[Data records]
__________

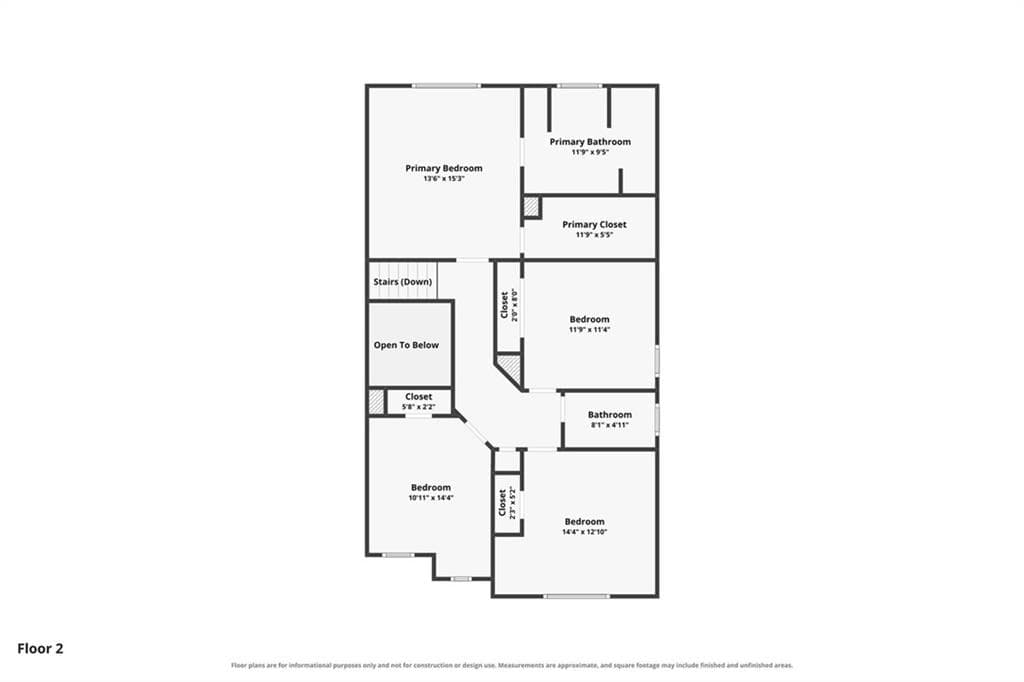 4 bedroom, 3 bathroom, 2,505 sq ft single family residence for sale at 929 Justice Drive, Locust Grove, GA 30248 — photo 3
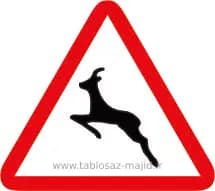 فایل های تابلو ترافیکی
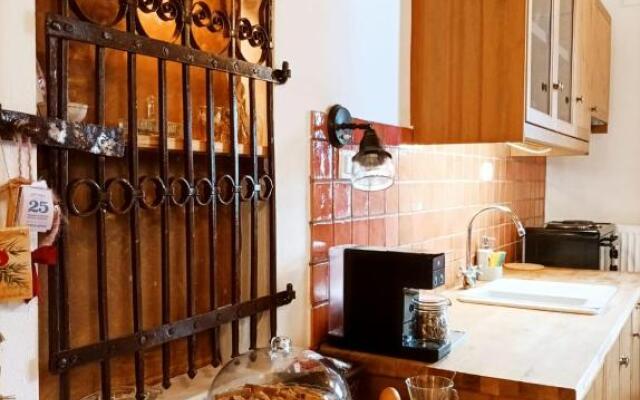 Diminio 2 Apartment at Livadi Arachova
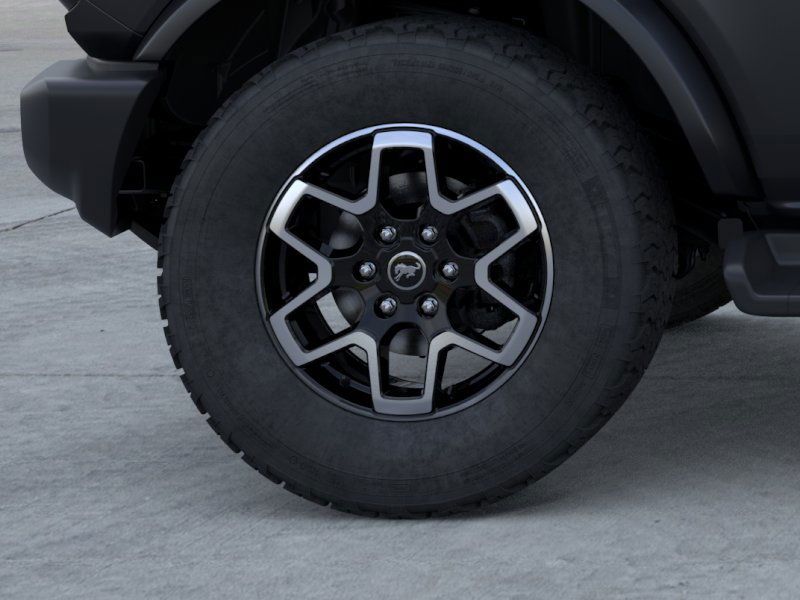 Thumbnail: 2025 Ford Bronco - 7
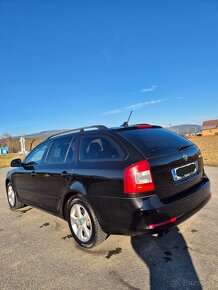 ŠKODA OCTAVIA 2 COMBI FACELIFT 2.0TDI 103KW CR DSG 2011 - 4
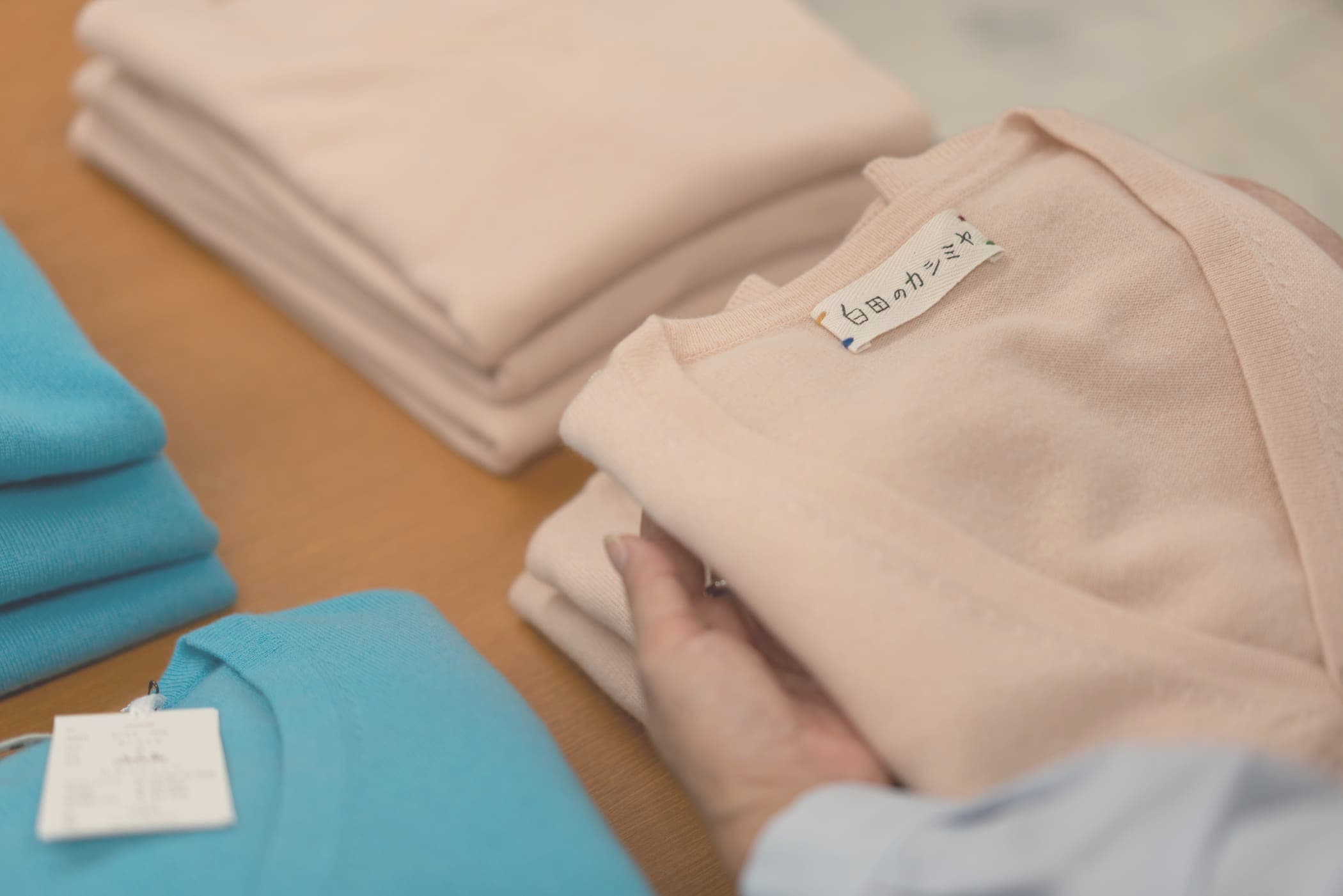 岩手県盛岡市「パルクアベニュー・カワトク」に常設出店決定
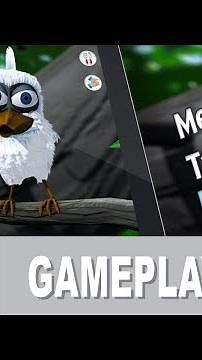 All Animations In Talking Larry The Bird (Updated)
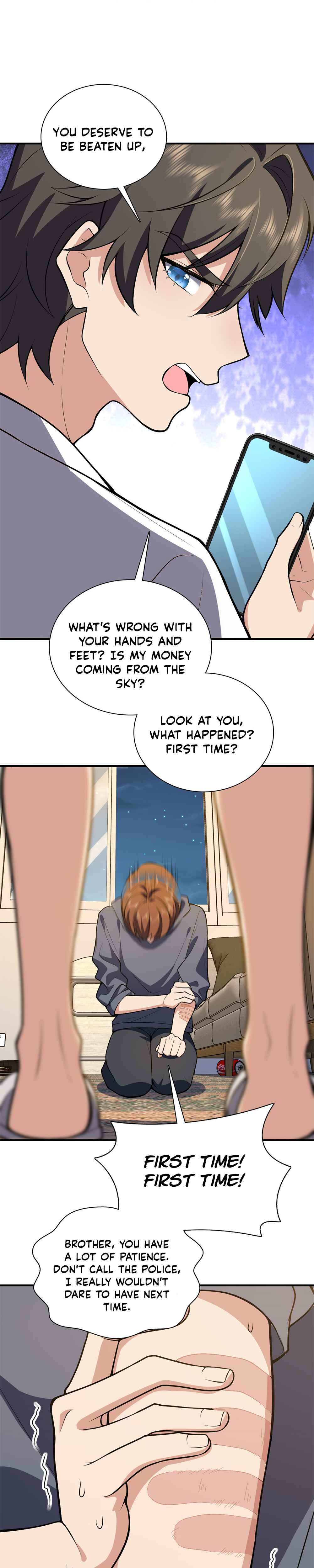 Wǒ Jiā Lǎopo Láizì Yīqiān Nián Qián Chapter 23 - Page 9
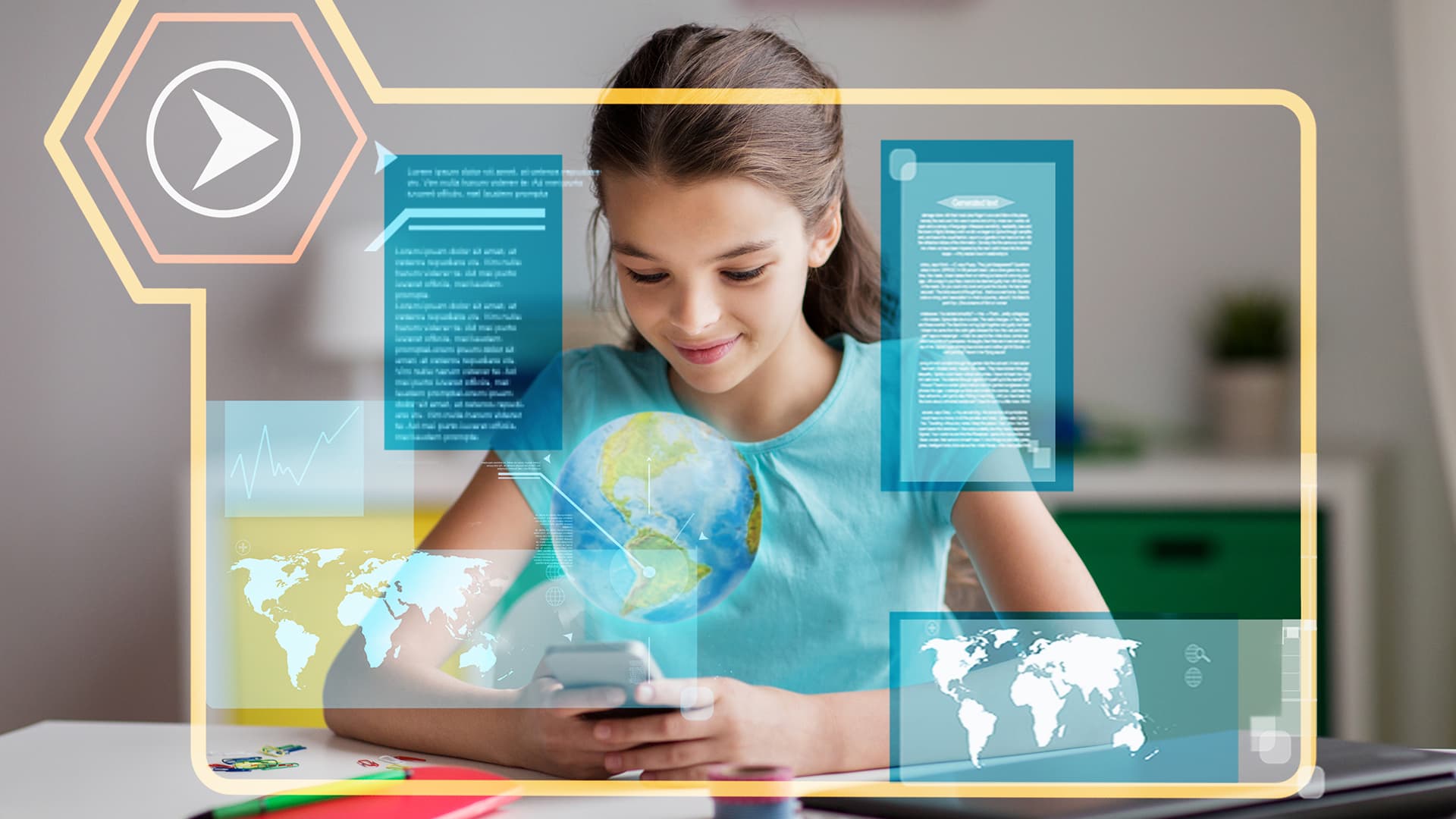 AI Solutions for Education & EdTech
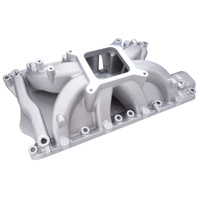 Proflow Intake Manifold Max Jr Single Plane Aluminium Natural SB Ford 351W
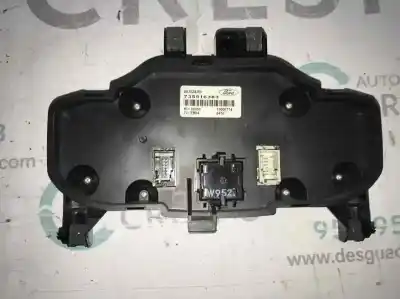 Автозапчастина б/у клімат-контроль для ford ka (ccu) trend + посилання на oem iam 735516383  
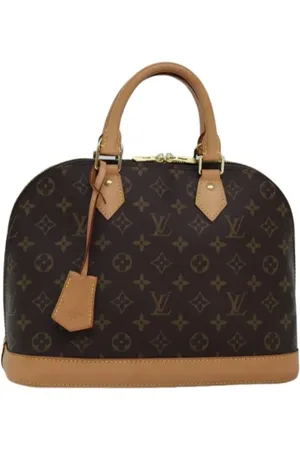 LOUIS VUITTON Donna, Pre-owned, Marrone, Taglia unica, used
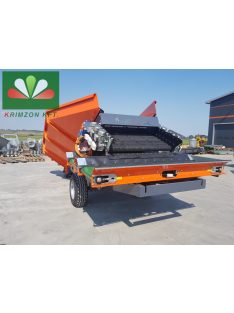 Michalak KRM-1200 Fogadógarat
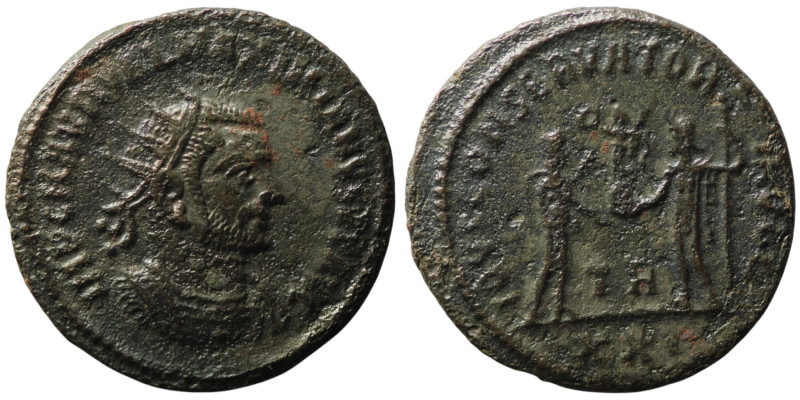 Maximianus Herculius (AD 286-305). Tripolis
AE Antoninianus (21mm, 3,43g)

Resli...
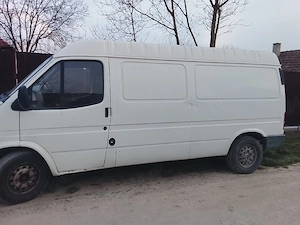 Vând Ford tranzit - imagine 4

__________

## ASSIGNMENT
The answer must be the lines of the entries above, written out exactly from the first through the one with "AI Solutions for Education & EdTech", and no pictures.

## ANSWER
 4 bedroom, 3 bathroom, 2,505 sq ft single family residence for sale at 929 Justice Drive, Locust Grove, GA 30248 — photo 3
 فایل های تابلو ترافیکی
 Diminio 2 Apartment at Livadi Arachova
 Thumbnail: 2025 Ford Bronco - 7
 ŠKODA OCTAVIA 2 COMBI FACELIFT 2.0TDI 103KW CR DSG 2011 - 4
 岩手県盛岡市「パルクアベニュー・カワトク」に常設出店決定
 All Animations In Talking Larry The Bird (Updated)
 Wǒ Jiā Lǎopo Láizì Yīqiān Nián Qián Chapter 23 - Page 9
 AI Solutions for Education & EdTech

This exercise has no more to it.